**WORK INSTRUCTIONS:** Among the records that follow, find the line with "18K gold plated" and the line with "Moda za polnejše". Set down those lines and all lines between them exactly, without adding anything.

**ENTRIES PROVIDED:**
# # # #

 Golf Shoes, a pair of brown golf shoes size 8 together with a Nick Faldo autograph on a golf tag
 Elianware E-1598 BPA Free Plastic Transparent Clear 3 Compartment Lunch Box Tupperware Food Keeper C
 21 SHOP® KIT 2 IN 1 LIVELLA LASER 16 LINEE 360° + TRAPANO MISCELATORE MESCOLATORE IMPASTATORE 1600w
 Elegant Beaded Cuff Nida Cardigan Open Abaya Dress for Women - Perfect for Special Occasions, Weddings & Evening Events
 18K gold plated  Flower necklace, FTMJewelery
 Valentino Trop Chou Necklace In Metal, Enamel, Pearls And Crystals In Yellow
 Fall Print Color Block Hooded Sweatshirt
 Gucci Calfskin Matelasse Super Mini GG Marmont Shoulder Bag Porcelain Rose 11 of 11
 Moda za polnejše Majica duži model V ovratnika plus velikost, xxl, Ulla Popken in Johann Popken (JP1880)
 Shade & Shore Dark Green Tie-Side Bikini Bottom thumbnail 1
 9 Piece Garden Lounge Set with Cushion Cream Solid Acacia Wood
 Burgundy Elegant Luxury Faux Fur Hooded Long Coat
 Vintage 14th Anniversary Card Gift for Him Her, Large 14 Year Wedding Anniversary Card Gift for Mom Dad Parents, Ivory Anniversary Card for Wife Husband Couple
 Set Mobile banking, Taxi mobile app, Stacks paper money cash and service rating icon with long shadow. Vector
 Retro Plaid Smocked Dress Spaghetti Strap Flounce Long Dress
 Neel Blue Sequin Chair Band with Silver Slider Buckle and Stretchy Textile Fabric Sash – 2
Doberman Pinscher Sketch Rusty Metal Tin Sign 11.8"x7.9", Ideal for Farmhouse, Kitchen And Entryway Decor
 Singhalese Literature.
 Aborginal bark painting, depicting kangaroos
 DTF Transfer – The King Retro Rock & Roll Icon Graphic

# # # #

**SOLUTION BELOW:**
 18K gold plated  Flower necklace, FTMJewelery
 Valentino Trop Chou Necklace In Metal, Enamel, Pearls And Crystals In Yellow
 Fall Print Color Block Hooded Sweatshirt
 Gucci Calfskin Matelasse Super Mini GG Marmont Shoulder Bag Porcelain Rose 11 of 11
 Moda za polnejše Majica duži model V ovratnika plus velikost, xxl, Ulla Popken in Johann Popken (JP1880)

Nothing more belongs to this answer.